И все же неверно утверждать, будто то был гром с ясного неба. Намеков хватало, самым откровенным была автобиография Гитлера
Имелись в немецкой душе и такие потайные пружины, которые даже чересчур хорошо отзывались на подобный призыв, но находились и отважные души, способные охватить ситуацию в целом. Таким не склонным ограничиваться выполнением долга человеком был Нимёллер, таким был и Канарис, решительно протестовавший против замыслов Кейтеля. Решительно – и безнадежно. Канарис все еще не понимал, что злодейства составляют самую суть извращенной миссии Гитлера, той черной мечты, что начала наконец-то сбываться. Зато Кейтеля ничто, кроме исполнения приказа, не интересовало. Он коротко ответил Канарису: «Фюрер уже принял решение по данному вопросу»457.

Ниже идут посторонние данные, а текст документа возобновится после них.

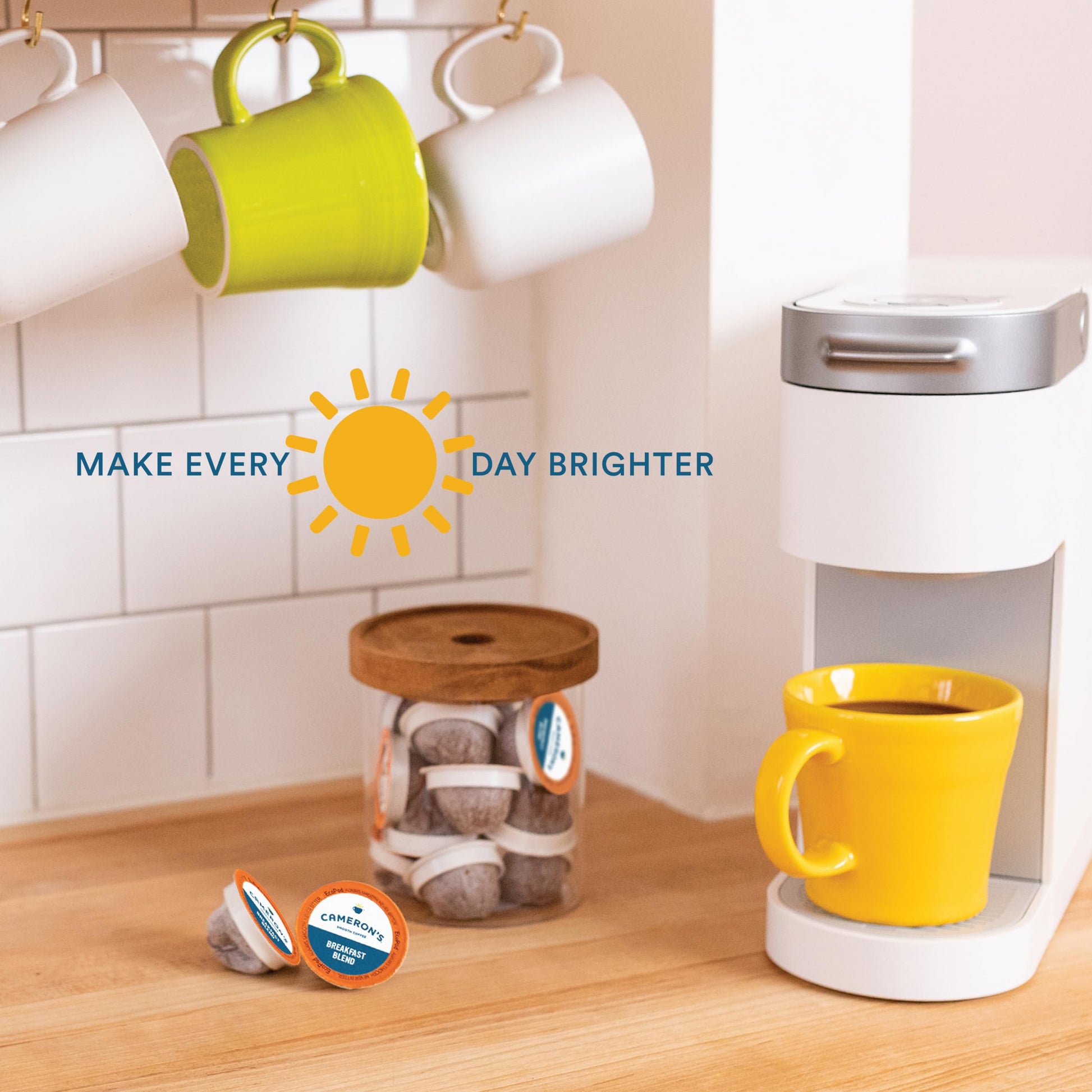 smooth-bold-flavor-whole-beans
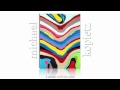 Michael Kopietz, Artist -Recent Work 09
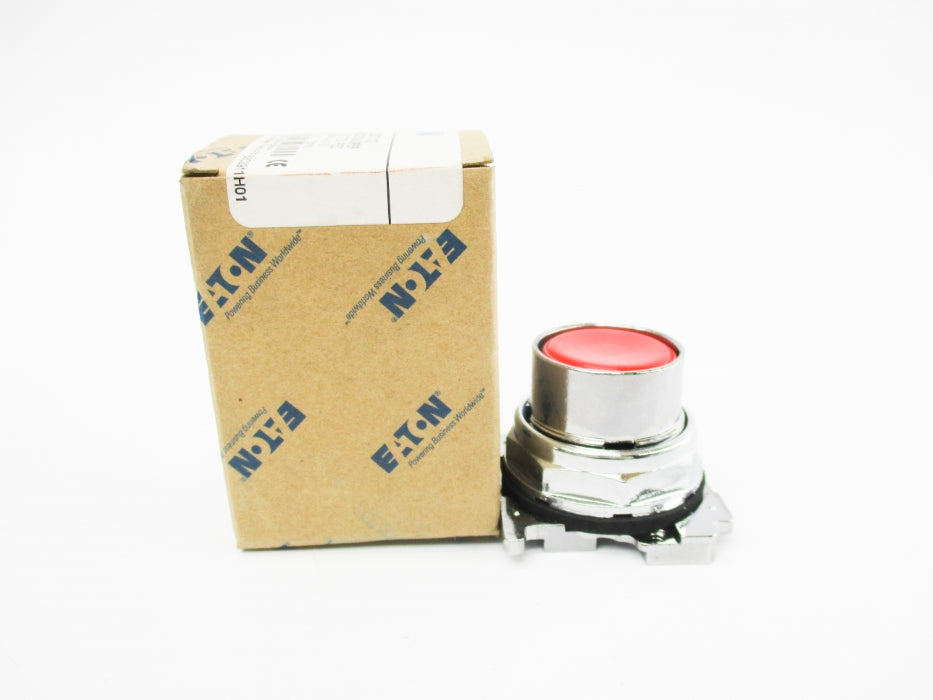 EATON 10250T102 SER. A1 NSMP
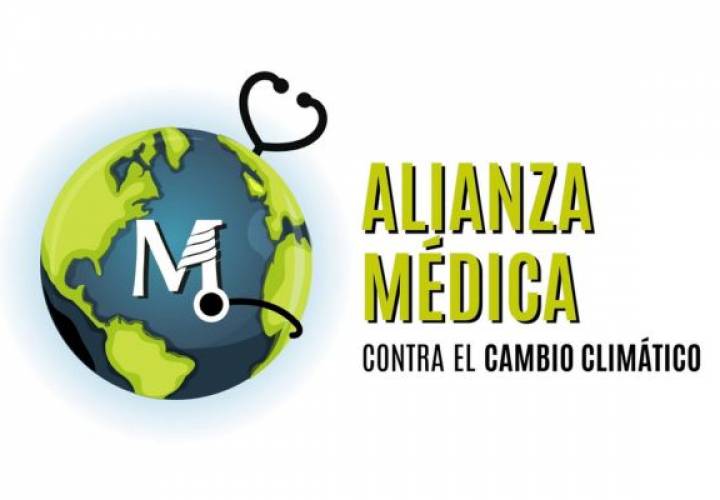La OMC acoge la jornada “La Medicina, la salud y el clima” y presenta la Alianza Médica contra el Cambio Climático (AMCC)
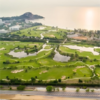 华欣·海松高尔夫俱乐部 Sea Pine Golf Club | 华欣高尔夫球场 | 泰国高尔夫球场俱乐部 | 东南亚 商品缩略图0
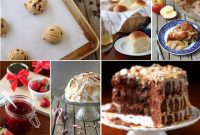 Our Dozen Best Bites of 2012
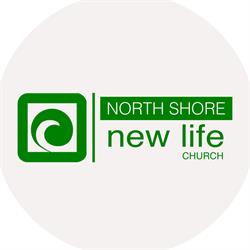 North Shore New Life Church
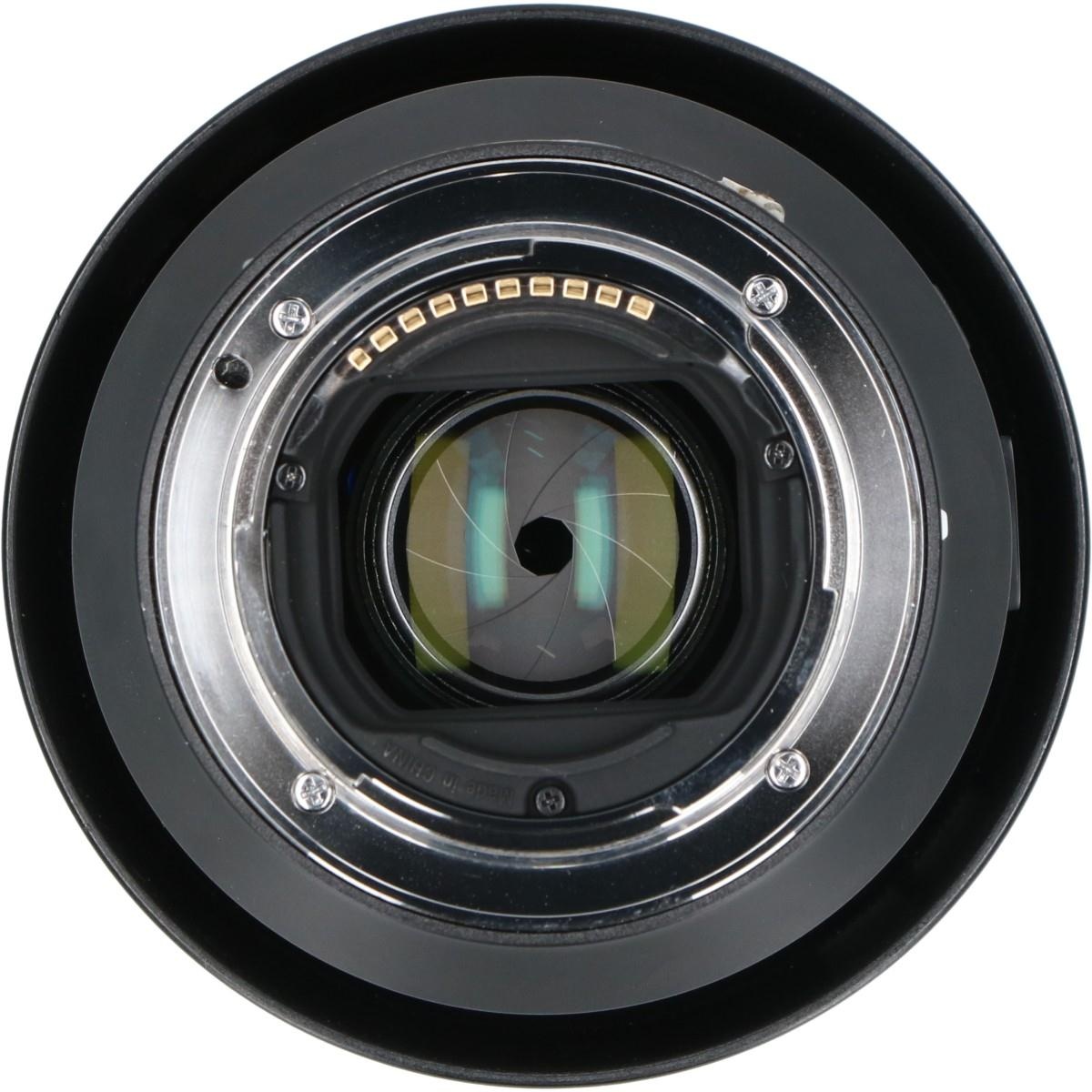 FE85/1.8(SEL85F18)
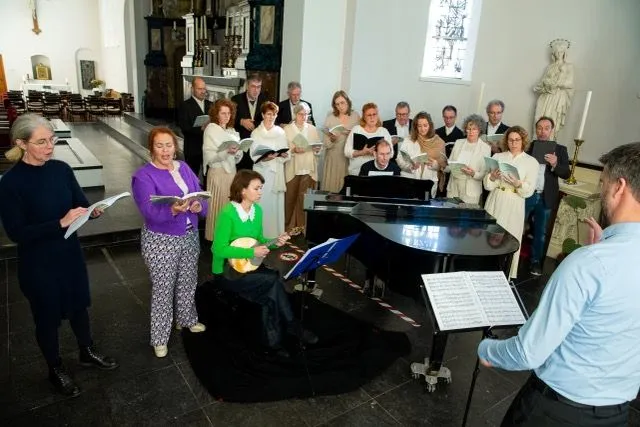 stichtinggewoonklassiek 2024 david van haren k1 7211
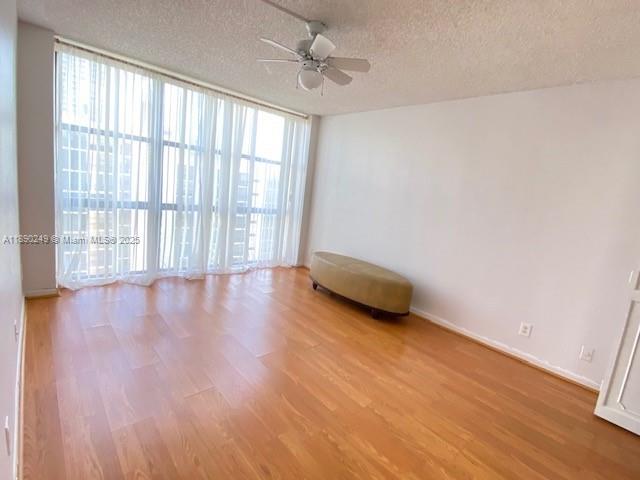 PLAZA OF AMERICAS CONDO - Residential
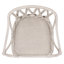 Fauteuil en rotin Serafima-132212346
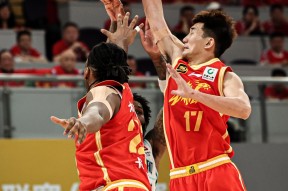 爱游戏体育app芝加哥公牛迎CBA季后赛关键赛，国际比赛日迎来里程碑，信心回归，临场指挥获称赞的简单介绍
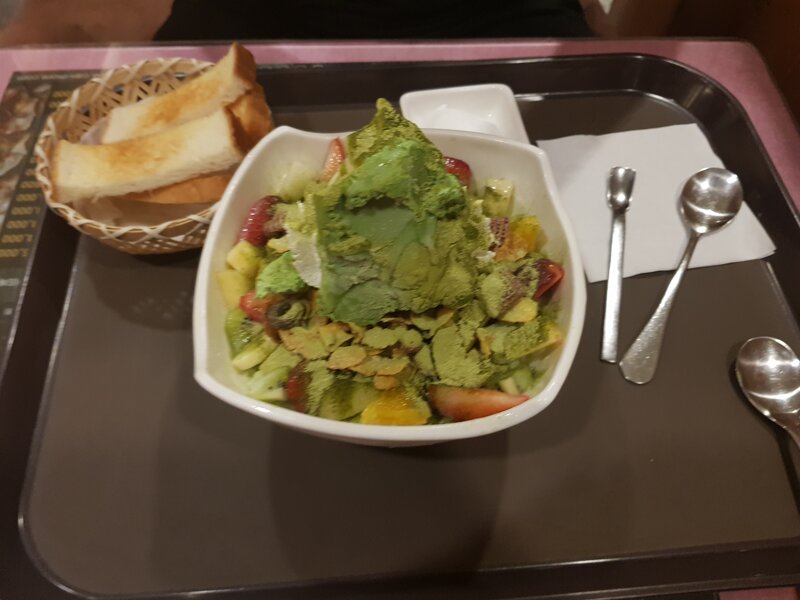 몬스터 헌터 라이즈 인벤 : 치킨맛나다 냠냠 - 몬스터헌터 인벤 자유게시판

Поскольку самые подлые дела оставались на долю SS, Гитлеру удавалось какое-то время скрывать от военных наихудшее. Но слухи просачивались, многие генералы негодовали. Генерал Бласковиц направил Гитлеру меморандум с перечислением тех зверств, свидетелем которых он стал. В особенности его беспокоило впечатление, которое эти события окажут на немецких солдат: если уж тревожатся и негодуют закаленные представители высшего командования, можно себе представить, что произойдет с юношами, еще и пороха-то не нюхавшими. Генерал Бок прочел меморандум Бласковица, и у него «волосы встали дыбом». В самых сильных выражениях протестовали генералы Петцель и Георг фон Кюхлер. Они требовали немедленно прекратить насилие в отношении мирного населения. Генерал Улекс назвал эту «этническую политику» «пятном на чести всего германского народа». Генерал Лемельсен арестовал руководителя группы SS за расстрел пятидесяти евреев, но убийцы отделались без малейших последствий458.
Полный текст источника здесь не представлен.